I think I’m starting to remember who I was before so much darkness hit me.

And before anyone rolls their eyes and says, “Easy for you to say, you’ve been road-tripping through America,” let me just say this. I think people look at my life and assume it’s beautiful all the time. They see the photos. The weddings. The road trips. The sunsets. The gratitude.


And don’t get me wrong, my life is beautiful.


But for every wildly beautiful magical moment, there has been something equally dark, difficult, and often something a lot of people have never had to experience.

The last year has contained some of the most difficult things I’ve ever lived through. The car accident. The recovery. The pain. The loneliness. The uncertainty. The endless appointments. The insurance claims. The moments where I genuinely didn’t know what life was going to look like on the other side of it all.


Some days I’ve felt incredibly strong. Other days I’ve sat in my car and cried.

The difference isn’t that my life is easier than someone else’s.

It’s that every day I try to make a choice. I try to look for what’s good anyway. Not because the hard things aren’t real. Because they are.


But because if I’m going to carry them, I’d rather carry them while also noticing the sunset, the matcha, the friend who called, the song on the radio, the wedding that made me cry, the stranger who made me laugh. Gratitude doesn’t erase difficulty. It just stops difficulty from becoming the entire story. And lately, I think that’s what I’ve been finding again. Not a new version of myself. Just the old one. The one that was there all along.


I was talking to someone recently about one of my injuries from the car accident and the possibility that it may be permanent. Almost immediately the response was, “Well, it’s not really permanent. Research changes all the time”. And maybe that’s true. But the conversation got me thinking about something much bigger. One of the most helpful things my psychologist has taught me over the last six months is the concept of radical acceptance. The basic idea is that we stop fighting reality.
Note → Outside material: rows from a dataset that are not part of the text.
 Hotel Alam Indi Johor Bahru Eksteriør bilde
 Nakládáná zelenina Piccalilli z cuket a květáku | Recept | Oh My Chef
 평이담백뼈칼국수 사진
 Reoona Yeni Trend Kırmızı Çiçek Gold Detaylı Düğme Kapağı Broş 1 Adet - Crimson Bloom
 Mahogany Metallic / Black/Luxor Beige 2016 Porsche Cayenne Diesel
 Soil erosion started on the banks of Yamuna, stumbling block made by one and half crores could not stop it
Not because we like it, and not because we’ve given up, but because exhausting ourselves arguing with what is doesn’t actually change anything.


Instead, we accept where we are right now. We stop demanding a timeline. We stop demanding certainty. We stop insisting that things should be different than they are. And then we keep moving forward anyway. We still do the physio. We still take care of ourselves. We still work towards recovery. We still hope. But we’re no longer tying our happiness to a particular outcome or date on the calendar. That idea has helped me more than almost anything else. Because acceptance and hope aren’t opposites.
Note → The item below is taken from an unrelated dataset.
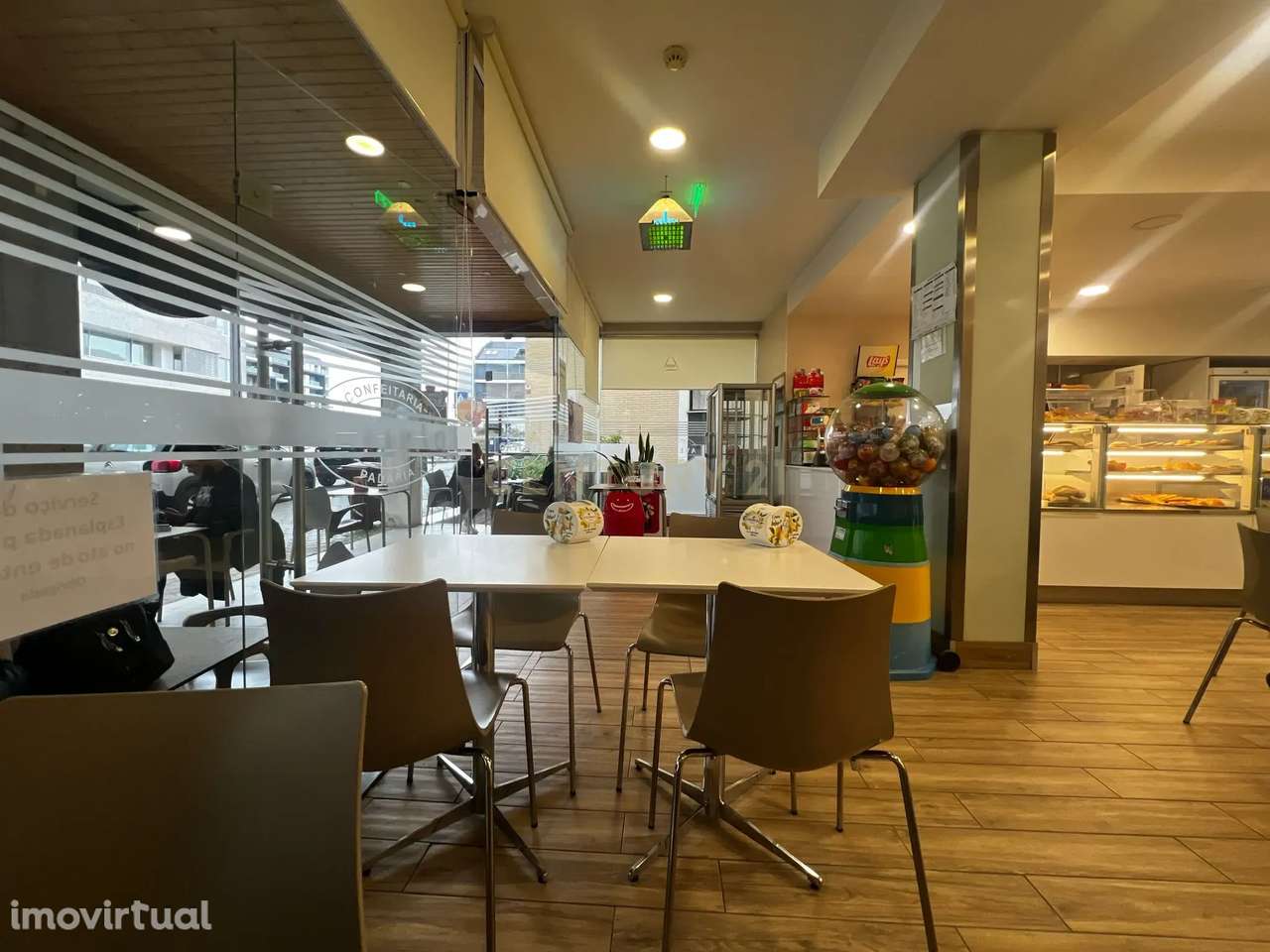 Padaria em Aveiro com Excelente Localização e Luz Natural - Grande imagem: 3/9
Accepting where I am today doesn’t mean I’ve stopped believing things can improve tomorrow. It simply means I’m choosing to deal with the reality in front of me instead of exhausting myself trying to predict the future. I’ve also realised that difficult things make people uncomfortable. Most of us aren’t taught how to sit with someone else’s pain, uncertainty, grief or loss. We want to reassure. We want to fix. We want to find a silver lining. We want to make it better. But sometimes the kindest thing we can do is simply listen.
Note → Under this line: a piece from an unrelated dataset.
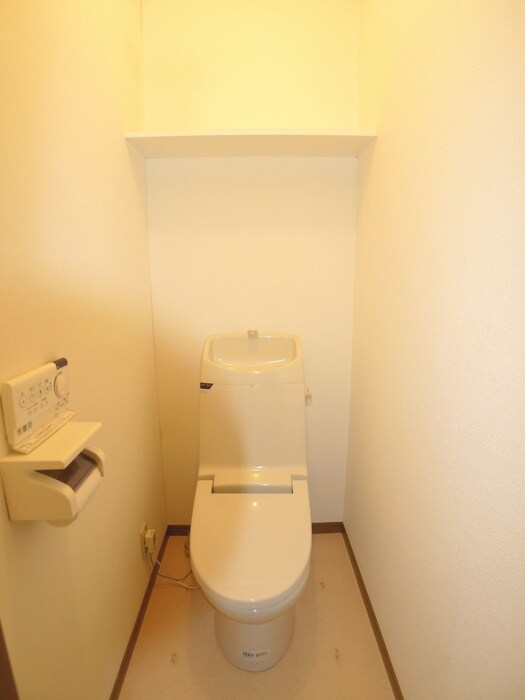 物件内観写真10　(トイレ)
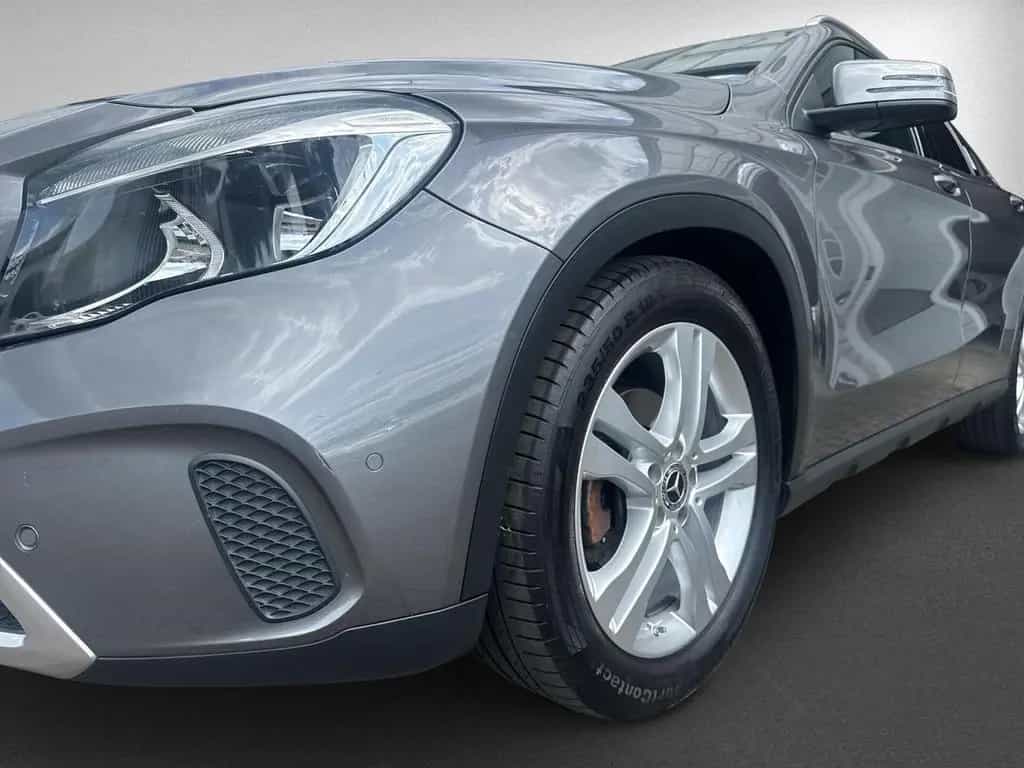 Mercedes-Benz GLA 180 Urban Navi Klima Kamera 12/2019-photo-13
To trust that the person living the experience probably understands it better than we do. The older I get, the more I think empathy looks less like advice and more like curiosity. Less “Have you tried…” and more “That sounds really hard.”


For someone who has spent most of her life trying to force solutions, radical acceptance has been a surprisingly beautiful lesson. It has taught me that I can accept where I am today while still believing tomorrow might look different. And honestly, that has given me far more peace than trying to control an outcome I can’t yet see.


Anyway just some food for thought… Now back to the blog lol


Before I left Australia, I wrapped up my final weddings of the Canberra season. One at Gold Creek Chapel, one at the Australian National Botanic Gardens, and one at the Canberra Rex Hotel. Every couple was completely different. Different personalities, different families, different colour palettes, different priorities. Some wedding days were loud and joyful. Others were quiet and intimate. Every one of them reminded me why I love this job.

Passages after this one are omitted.